Bu, İlahi Sembol tarafından yaratılmış bir kara delikti!

 

Lin Dong Yiyip Bitiren Ata Sembol’e ciddiyetle bakıyordu. Şu anda Ata Sembolden gelen herhangi bir hareket yoktu. Hala uykudaydı. Bu sessizliğin ortasında Lin Dong, Niwan Sarayı’ndaki Kader Ruh Sembolleri’nden korku dolu bir hissiyat yayılırken onların hala titrediğini hissediyordu.

 

Lin Dong’un Kader Ruh Sembolleri aslında Yiyip Bitiren Ata Sembol’den türetilmişti. Şimdi asıl bedenleriyle karşılaşınca böylesine duyguları deneyimlemeleri doğaldı.

 

“Hehe, bu efsanevi Yiyip Bitiren Ata Sembol mü? Gerçekten son derece büyülü!” Küçük Sansar sürekli meraklı gözlerle sembolü kontrol ediyordu.

 

“Şimdi ne yapacağız?” Lin Dong ellerini ovuşturdu.

 

“İyileştir ve onayını al.”

 

Küçük Sansar Lin Dong’a bakıyordu ve aniden konuştu: “Eğer bu sembolü gerçekten iyileştirebilirsen gelecekteki potansiyelin sınırsız olur. Ama seni uyarayım, Yiyip Bitiren Ata Sembol’ü iyileştirmek sayısız tehlikelerle de dolu. Dahası, kendisi de oldukça tehlikeli. Eğer dikkatli olmazdan Zihinsel Enerjini yutar ve bir daha asla iyileşemezsin,” dedi ve devam etti: “Bu dünyada sekiz tane Ata Sembol var ve her biri sihirli özelliklere sahip. Geçmişte Alev Ata Sembol’ü iyileştirmek isteyen son derece güçlü bir geliştiriciye rastlamıştım ama sembol tarafından başlatılan Bin İlahi Alev tarafından yanmıştı.”

 

Lin Dong’un bakışları donmuştu. Küçük Sansar’ın bile çok güçlü dediği bir geliştirici gerçekten oldukça güçlü olmalıydı. Ama bundan bağımsız olarak ‘Alev Ata Sembol’ denen o sembolü iyileştirememişti.

 

“Açık konuşuyorum; Ata Sembol’den onay almak için yalnızca güce ihtiyaç duyulmaz. Yiyip Bitiren Ata Sembol onların arasındaki en gizmeli olanı ve bu, benim de onu ilk görüşüm.

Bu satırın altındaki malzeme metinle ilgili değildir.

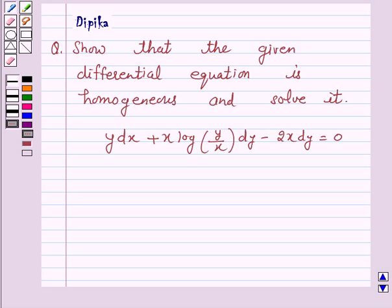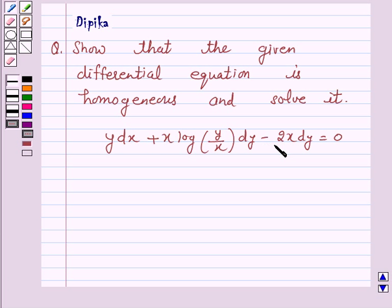Hello and welcome to the session. I am Deepika here. Let's discuss a question which says: show that the given differential equation is homogeneous and solve it. The equation is y dx plus x log(y/x) dy minus 2x dy equals 0. Let's start the solution.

Bu yüzden onun onayını almak daha da zor olacak; zihinsel olarak hazır olmalısın.”

 

Küçük Sansar ona ciddiyetle bakarken Lin Dong kafasını salladı. Gözleri Yiyip Bitiren Ata Sembol’e kilitlenmişti. Biraz sonra derin bir nefes aldı ve konuştu: “Bu zor olsa da şimdi vazgeçmenin sırası değil. Yiyip Bitiren Ata Sembol’ü elde etmek için çok fazla efor harcadım. Şimdi sonunda onu elde etmişken en ufak bir ihtimal bile varsa eğer vazgeçmeyeceğim!”

 

Küçük Sansar kafasını salladı; pençeleriyle Yiyip Bitiren Ata Sembol’ü işaret etmeden önce konuştu: “Eğer bundan gerçekten korkmuyorsan o zaman Zihinsel Enerjini içine aktar. Eğer onayını alırsan güvenle çıkabilirsin. Elbette, eğer alamazsan o zaman… sembol tarafından yiyip bitirileceksin ve zihnin dünyanın dört bir yanına dağılırken içindeki enerjinin bir izi olacaksın...”

 

Lin Dong’un bakışları sembole odaklanmıştı. Yavaşça dönüyor ve değişik kara delik mutasyonlarına uğruyordu. Onun karanlığı, çatlağın karanlığıyla karşılaştırılamazdı bile.

 

Sonuçta burada biraz da olsa ışık yanabiliyordu ama sembolün içinde ışık var olmamıştı bile.

 

İnsiyatif alıp Zihinsel Enerjini bu çılgın karanlığın içine koymak herkesin sahip olamayacağı bir cesaret gerektiriyordu.

 

“Benim dünyayı korumak gibi büyük bir hırsım yok; ailemi korumak istiyorum. Bu yüzden güce ihtiyacım var. Bunu elde etmek için ne gerekiyorsa yaparım!”

 

Lin Dong’un sakin sesi ağzının içinde yankılanmıştı. Genç yüzünde kararlı bir ifade vardı.

 

“Genç adam, karanlıkta yönünü bulabilmek için kalbini kullan. Kendine dürüst ol ve dikkatinin dağılmasına izin verme. Bu illüzyonların hepsinin sahte olduğunu unutma.”

 

Siyah gözlü kıdemlinin kaba sesi Lin Dong’un kulaklarında yankılanmıştı. Figürü yavaş yavaş sönerken bu dünyadan tamamen yok olmuştu.

 

Siyah gözlü kıdemlinin hayaleti yok olduğunda Lin Dong gözlerini kapattı. Zihinsel Enerjisi hızla Niwan sarayından çıktı ve ince ışık ışınlarına dönüşüp cesurca o sembolümsü kara deliğe girdi.

 

“Buzz buzz!”

 

Başta sessizce duran sembol, sanki Lin Dong’un geldiğini hissetmiş gibiyavaşça dönmeye başlamıştı. Aynı anda bedeni de giderek büyüyordu. Göz açıp kapayıncaya kadar o sembol bir kara deliğe dönüşmüştü!

 

Bu kara delik çok büyük değildi ama anlatılamayacak kadar korkunçtu. Işık üstünde parladığında bile tamamen bu dünyanın dışındaymış gibi duruyor ve her şeyi yiyip bitiriyordu.

 

“Wu wu!”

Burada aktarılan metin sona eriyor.